Por: Kepa Arbizu.
Hawai, durante esa ya lejana época en la que convertirse en turista de cualquier rincón del planeta no se había transformado todavía en un hobby de interés nacional, representaba mucho más que unas coordenadas geográficas determinadas. De hecho, incluso podía llegar a no significar un destino concreto, sino toda una invocación casi mística con la que imaginar un espacio alejado de las limitadoras y asfixiantes rutinas. Sus envidiadas playas observadas desde las páginas de un catalogo se convertían así en el particular Shangri-La de la clase media, el paraíso con el que solo serían recompensados los más afortunados. Pero hoy en día, ese nombre ha quedado sepultado por un fervor viajero insaciable, donde el cuentakilómetros ha sido sustituido por las interminables horas de vuelo y no existe un solo agujero del globo terráqueo que no sea guarida de visitantes y no cuente con su propio Starbucks -o similar- listo para servir el rancho a masas de excursionistas codiciosos de deglutir “experiencias”. Un cambio de escenario que sin embargo sigue siendo el reflejo del mismo diagnóstico, los infructuosos intentos por convertir en postales coloreadas el lúgubre paisaje diario. Una decadente realidad a la que Rata Negra lleva poniendo una intensa banda sonora más diez años, cuatro de los cuales han transcurrido para dar continuidad a su anterior disco, “Una vida vulgar” (Humo Internacional). Un nuevo episodio que, efectivamente, lleva por nombre “Hawai”, y que, efectivamente, representa unas vacaciones infernales con vistas privilegiadas a los hábitos cotidianos.
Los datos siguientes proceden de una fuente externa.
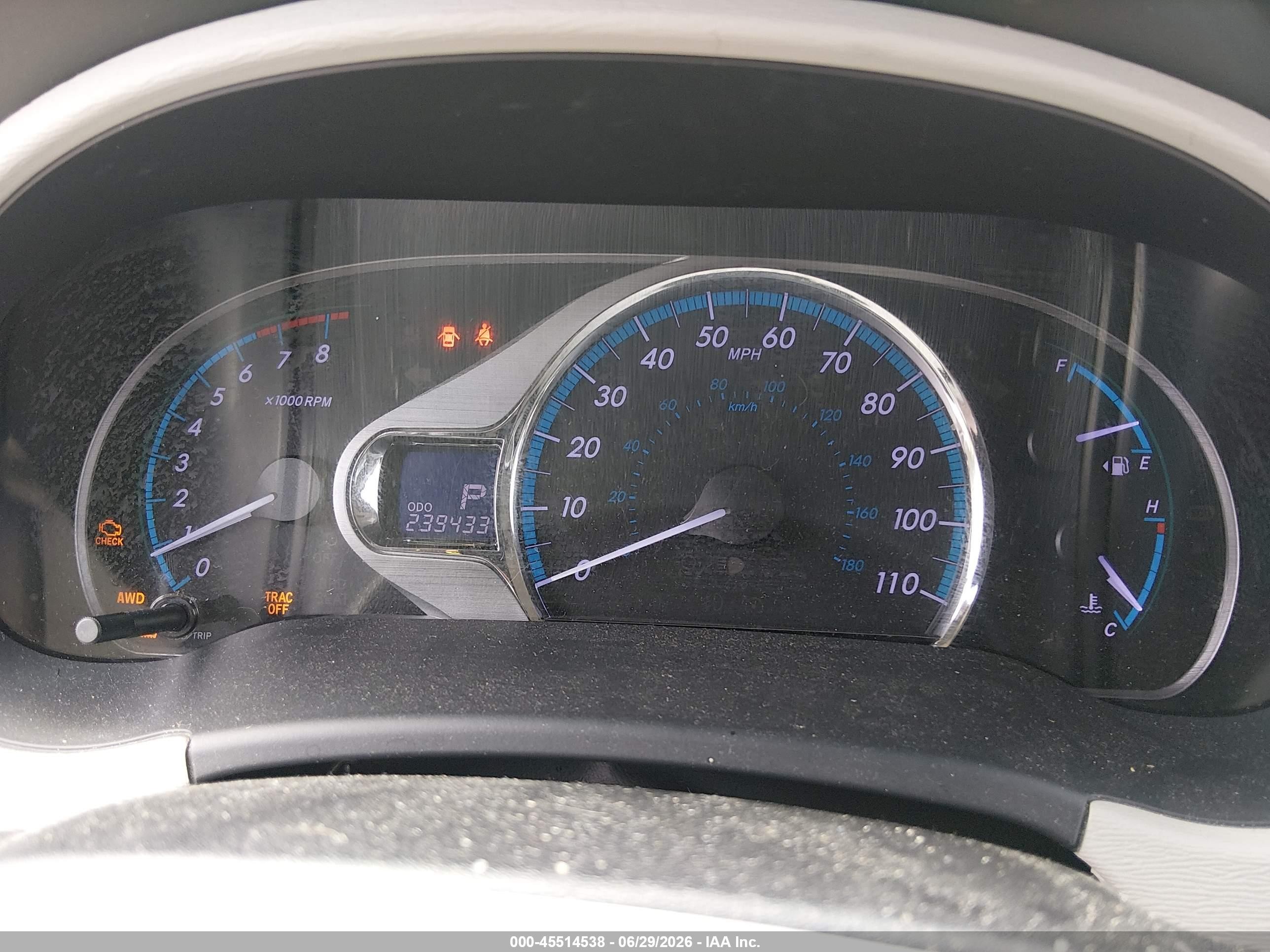 2013 Toyota Sienna Xle 7 Passenger Gray vin: 5TDDK3DC7DS063195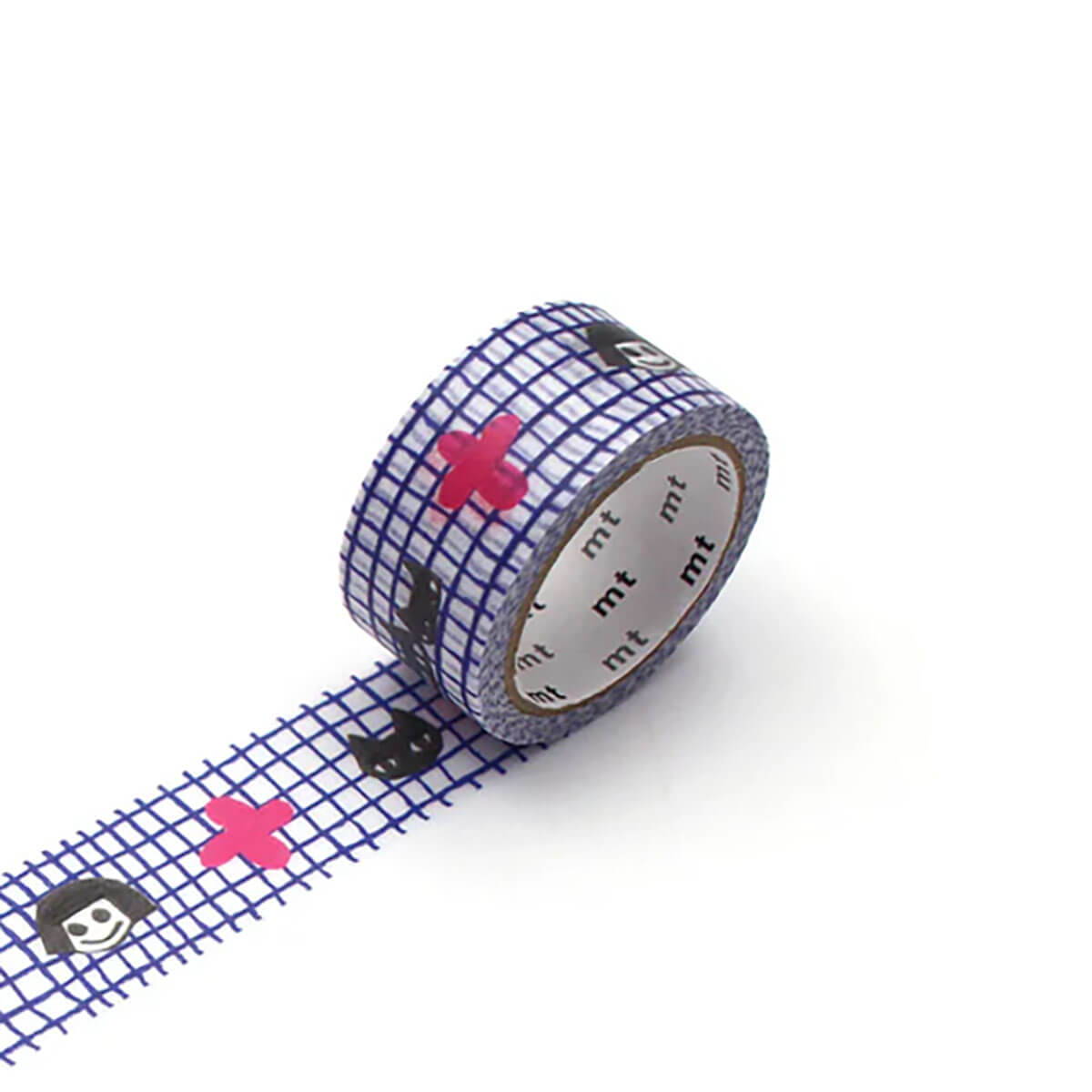 Makoto Matsubayashi Friend 15mm Artist Series Washi Tape by MT Japan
Como herederos directos de Juanita y los Feos, condición ilustrada por el currículum de Violeta y Fadrique, dos de los tres componentes de la banda que se completa con Pablo, ligado por su árbol genealógico a La URSS y Nueva Autoridad Democrática, su propuesta rezuma acidez tanto en su verbo, afilado estilete costumbrista, como en el crepuscular nervio de sus ritmos. Un decálogo al que han rendido pleitesía desde su alumbramiento y del que, por supuesto, no se desprenden para sus más recientes composiciones, las mismas que vienen decoradas por una portada que es igual de impactante e ingeniosa que reveladora respecto al contenido que resguarda. A medio camino entre un lienzo de Caravaggio y esa deriva pintada por Théodore Géricault en “La balsa de la Medusa”, el trío disfruta de su merecido retiro estival en un particular resort que en realidad es un osario rodeado de su fauna y flora autóctona. Pero, ¿acaso no lo son todos a su manera?
Rata Negra pertenece a esa especie musical que mora entre composiciones suspendidas sobre la inmediatez brotada del crujido emitido por la aleación de punk y garage, un dogma de fe que, salvo excepciones muy contadas que no se llegan a dar en este nuevo disco, niega cualquier virtud a sobrepasar los tres minutos de duración. Una inspiración que ha alimentado una trayectoria que en su cuarto episodio recala por primera vez en el sello Sonido Muchacho, hogar predilecto para irredentos agitadores rítmicos. Un debut bajo dicho membrete que se bautiza con la inaugural “Pesadilla adulta”, compendio de unos valores que asumen el oscuro acervo entregado por Killing Joke, Kaka de Luxe o Parálisis Permanente pero que no rehúye un dibujo melódico que bajo el tono agudo de Violeta, más que armonioso, suena perturbador, casi tanto como los pasos que cada mañana, a modo de eterno retorno, repiten el monótono itinerario que va de casa al trabajo y viceversa. Un paisaje alienante en el que cotiza a la alta no pensar en nada, claudicación a la que se enfrenta “Sobrepensando” arengando las huestes clásicas de The Smiths o The Cure, o mantenerse callada, elección rechazada explícitamente por la dinámica y agitada “Mi opinión”, que a modo de sentencia propiciatoria para el devenir del disco dictamina: “Cerrar la boca no es una opción”.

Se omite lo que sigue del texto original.